Christ, and Him Crucified

The Internet offers much toward the advancement of the gospel. We all know this. It gives ministries like The Village, The Resurgence, Desiring God, and Mars Hill the ability to stream gospel-centered content to people, to nations who wouldn’t have been able to be exposed to such solid teaching otherwise. It gives bloggers like Lore Ferguson, Amber and Seth Haines, Tim Challies, Russell Moore, and collectives like The Gospel Coalition, Deeper Story, Deeper Church, and ProjectTGM the ability to analyze culture and pour truth-filled words onto a page to help the lost come to know the freedom and grace of Christ Jesus. This is a good thing. But there is also something we have to be careful of.

It can become so easy to get caught up in defending a certain aspect of truth that we forget to keep the bigger picture in mind. I’m not saying that those I’ve mentioned give me a reason to say this, rather that it is something I’ve noticed in general, especially in the blogging world and Twitter. It is so easy to see something we disagree with and write a response trying to correct the offender of our conscience. While all truth is worth wrestling with and defending at the right time and place, because it does shape the Jesus we portray, maybe we should be slower to respond than we are.

A couple days ago, I looked at my blog stats at the end of the day, and I saw something that absolutely humbled, broke, and terrified me all at the same time. It wasn’t the number of hits or views, it was a search term. It was a phrase that someone typed into Google, hit Enter, and landed on my blog.

My life is almost over, what can I do to make an impact in this world?
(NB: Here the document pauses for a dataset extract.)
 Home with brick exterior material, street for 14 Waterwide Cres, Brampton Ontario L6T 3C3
Yes, you read that correctly. Since I don’t have a way of knowing what page this person landed on, all I can do is pray that it was something of substance. Something that pointed to Jesus as King and Lord and Savior. Instead of something that challenged another blogger solely on the premise that I disagree with them.

Those who know me personally know that I love Theology. Not just studying it, but I love reading and writing about it. I love discussing, debating, wrestling, and at times even arguing about the finer points of Theology. And just like a good sparring match, once we step out of the ring we remember that we are brothers and sisters in Christ, and love each other and Jesus, which is why we step into the ring in the first place: to hone and sharpen each other and ourselves in the gospel and its implications. But, while this is well and good over chicken wings and beer, or bread and wine, maybe it isn’t so good where a stranger can read the words on a page and possibly not feel the love and grace behind such a conversation. Or worse still, maybe because topics are discussed over text and type, our words aren’t as seasoned with salt as they would be if there was an actual face to face conversation, and love and grace really is absent.
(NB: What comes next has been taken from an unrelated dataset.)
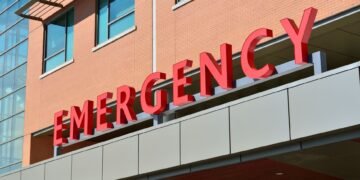 Hospital durante una ola de calor extremo vinculada al cambio climático como emergencia sanitaria.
I know, the world and how we convey Theology has changed drastically since Scripture was penned. So, sometimes there is a need to talk about issues, to reprove and rebuke publicly (2 Tim. 4:2). But Scripture is clear that the goal of such actions should be to “restore” the other person “in a spirit of gentleness” (Gal. 6:1). If that’s not the goal behind these conversations, why do we have them? To get our way? To defend our rights against brothers and sisters in Christ who aren’t even members of the same local church, and really have no effect on our lives directly? Is Christ not our advocate? Does Christ not rescue and defend the weak and poor? Does He not speak out for the voiceless?

Does Christ not lead the different local manifestations of His Church in the direction He wants them to go, even when we can’t understand it?

Are there times that He uses the Church to perform some of these actions? Yes, absolutely. But, as Paul preached nothing but “Jesus Christ, and Him crucified” for over a year (1 Cor. 2:2), maybe that’s the stance we should take. It wasn’t that Paul preached the “bridge from sin to God” type of message for a year, rather he expounded on the reality of the gospel implications on all of life. Politics, business, home life, how we work, gender roles, God’s sovereignty over suffering. The gospel, King Jesus killed and raised to life, affects everything. So, when we discuss these second tier issues, we should remember that we aren’t enemies, we are family who happen to disagree, and a family called and commanded to show love and grace to one another, and to preach Christ crucified with our lives, lips, and written words. Let that be our center.

This has been stirring in my heart for days now. Cultivating me to receive the words of Amber Haines when she said “Give me Jesus. We don’t have time for anything else.”

Before I saw that search term show up on my blog stats, I probably wouldn’t have let it sink in, and may have even challenged it. But, by God’s grace, I agree.

And I feel pressed, now more than ever, to make sure the words that fill this space aren’t simply a cultural analysis or a response to another blog, but that even when those posts happen, that they would ultimately point to Christ, and Him crucified. Because, in the end, that is what the least, the lost, and the lonely need.

That is why Christ came: to give grace by saving people who can’t save themselves, for the glory of God.